REQUIRED ACTION -
Begin at the line that holds "c-Cbl Antibody in Western Blot (WB)" and retype every line through the end of the material, both included. Leave out the pictures.

SUPPLIED DATA -

====

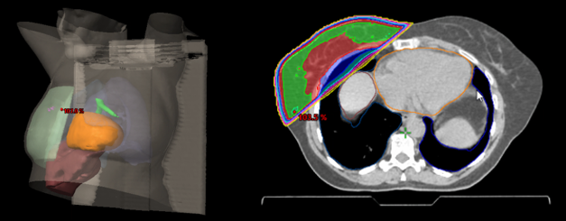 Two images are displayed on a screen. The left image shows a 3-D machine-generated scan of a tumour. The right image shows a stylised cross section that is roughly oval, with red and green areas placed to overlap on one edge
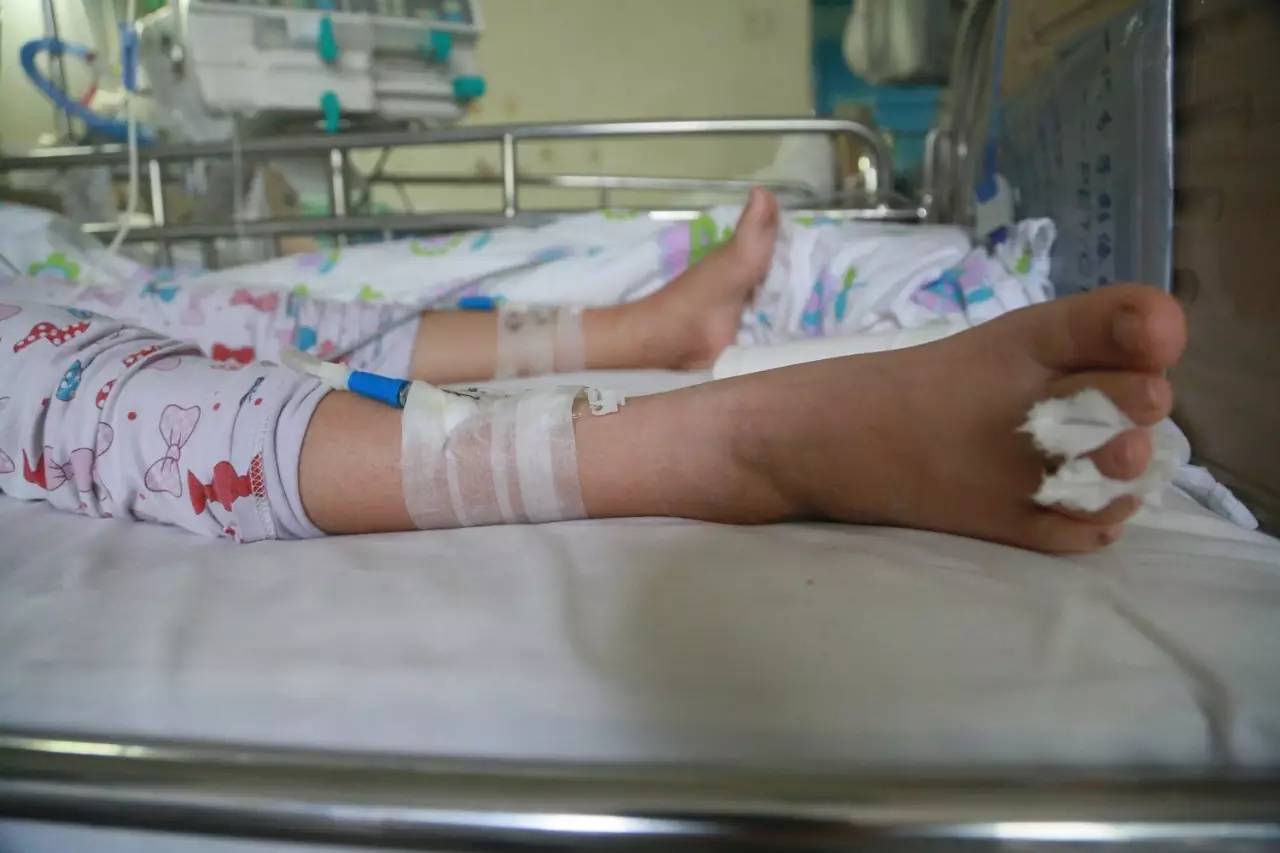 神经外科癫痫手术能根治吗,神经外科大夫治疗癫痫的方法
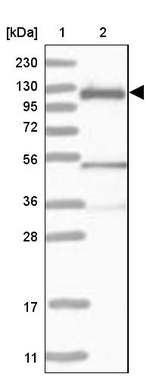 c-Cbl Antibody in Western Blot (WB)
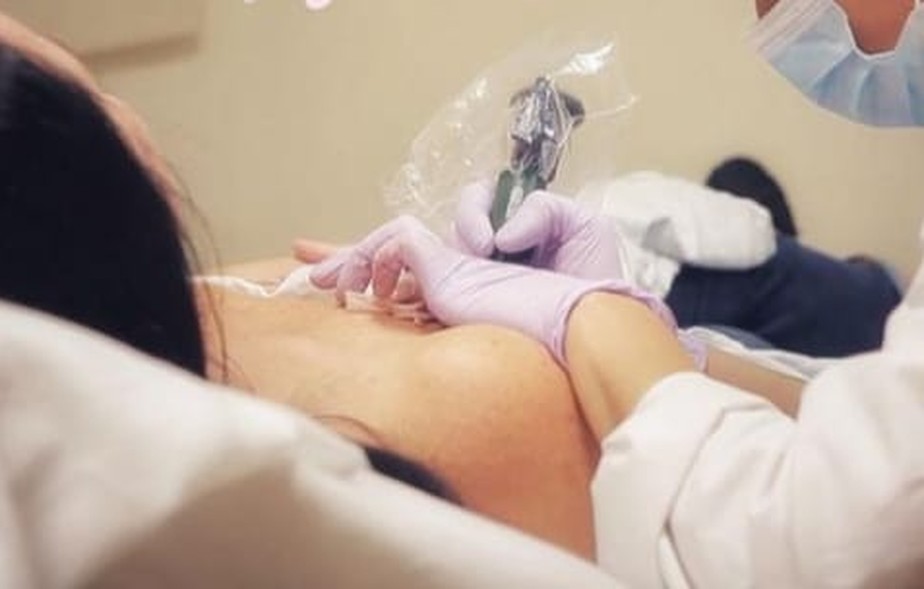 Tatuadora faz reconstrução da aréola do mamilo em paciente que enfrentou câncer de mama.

====

TASK ANSWER -
 c-Cbl Antibody in Western Blot (WB)
 Tatuadora faz reconstrução da aréola do mamilo em paciente que enfrentou câncer de mama.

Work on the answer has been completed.